**DIRECTIONS**
Nothing but the lines from the start of the entries through the line holding "Cushion Cut Diamond" is to be repeated, exactly and with pictures excluded.
_ _ _ _
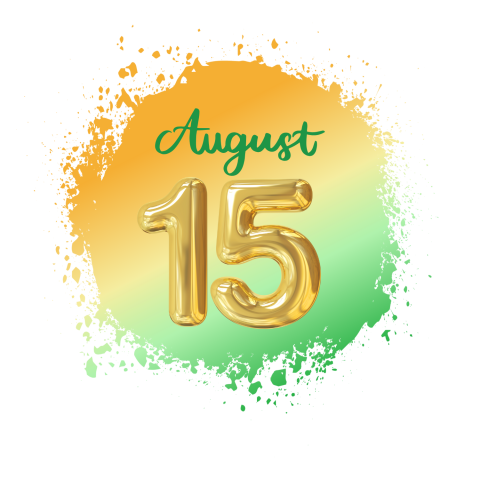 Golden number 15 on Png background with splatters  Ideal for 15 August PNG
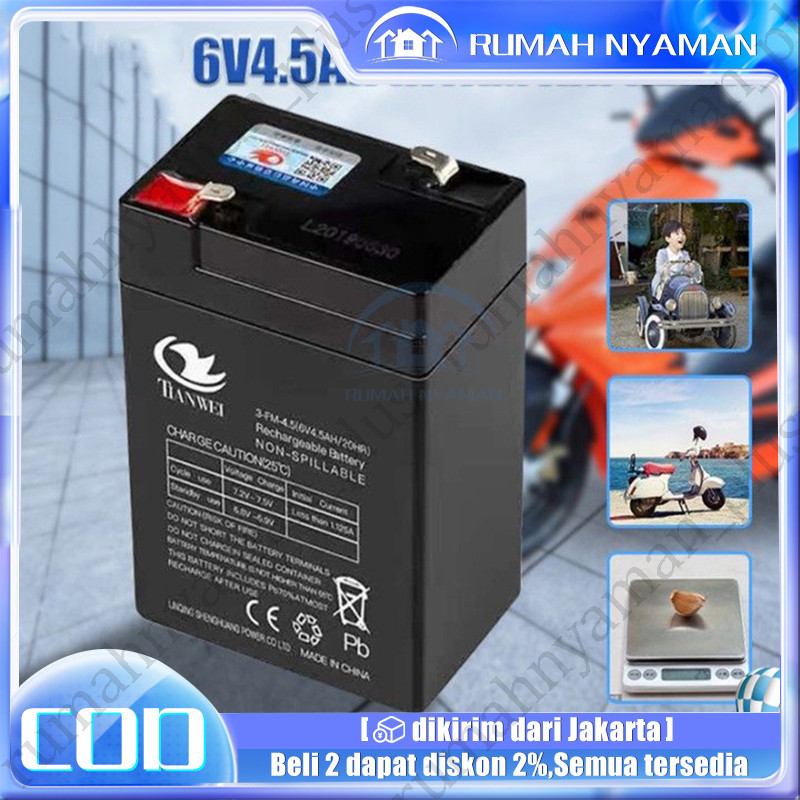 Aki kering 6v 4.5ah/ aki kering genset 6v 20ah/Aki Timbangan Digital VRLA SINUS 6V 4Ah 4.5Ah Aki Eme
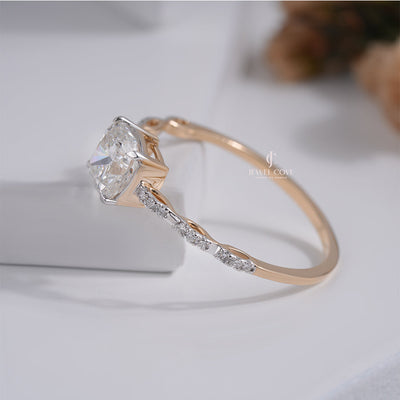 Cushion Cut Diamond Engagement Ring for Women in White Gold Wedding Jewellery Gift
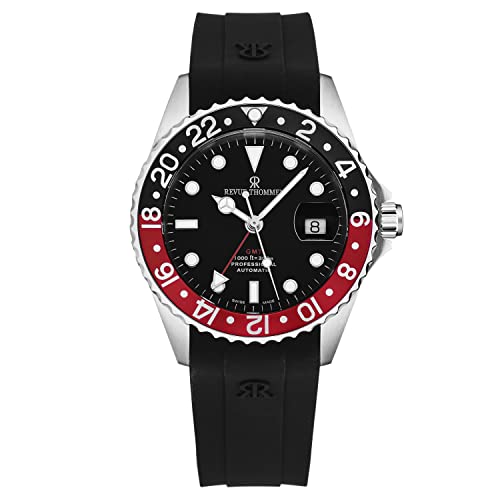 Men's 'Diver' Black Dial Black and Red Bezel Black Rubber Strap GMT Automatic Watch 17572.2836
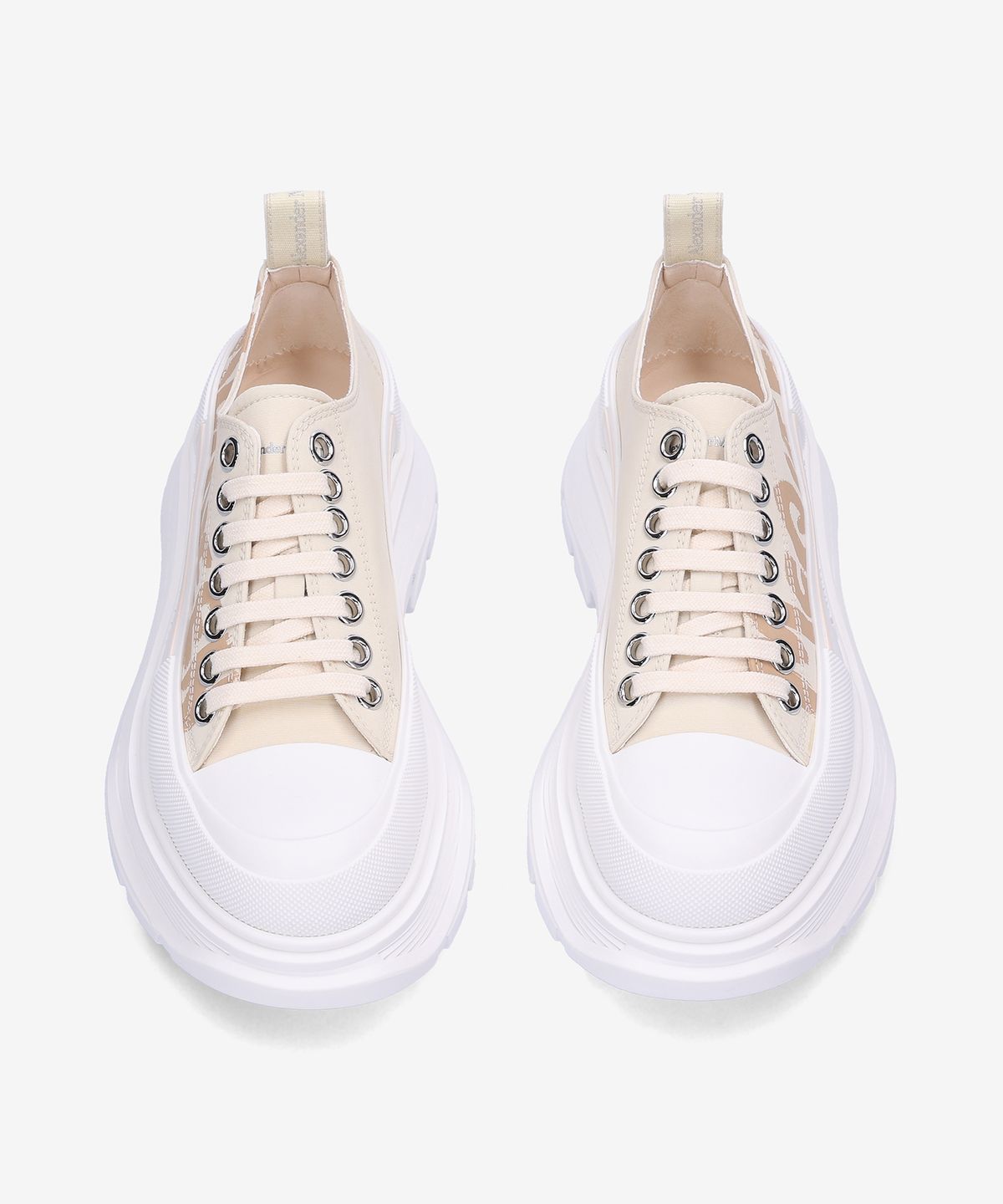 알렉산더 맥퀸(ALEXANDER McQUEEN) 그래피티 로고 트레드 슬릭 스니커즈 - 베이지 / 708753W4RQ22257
_ _ _ _
**YOUR RESPONSE**
 Golden number 15 on Png background with splatters  Ideal for 15 August PNG
 Aki kering 6v 4.5ah/ aki kering genset 6v 20ah/Aki Timbangan Digital VRLA SINUS 6V 4Ah 4.5Ah Aki Eme
 Cushion Cut Diamond Engagement Ring for Women in White Gold Wedding Jewellery Gift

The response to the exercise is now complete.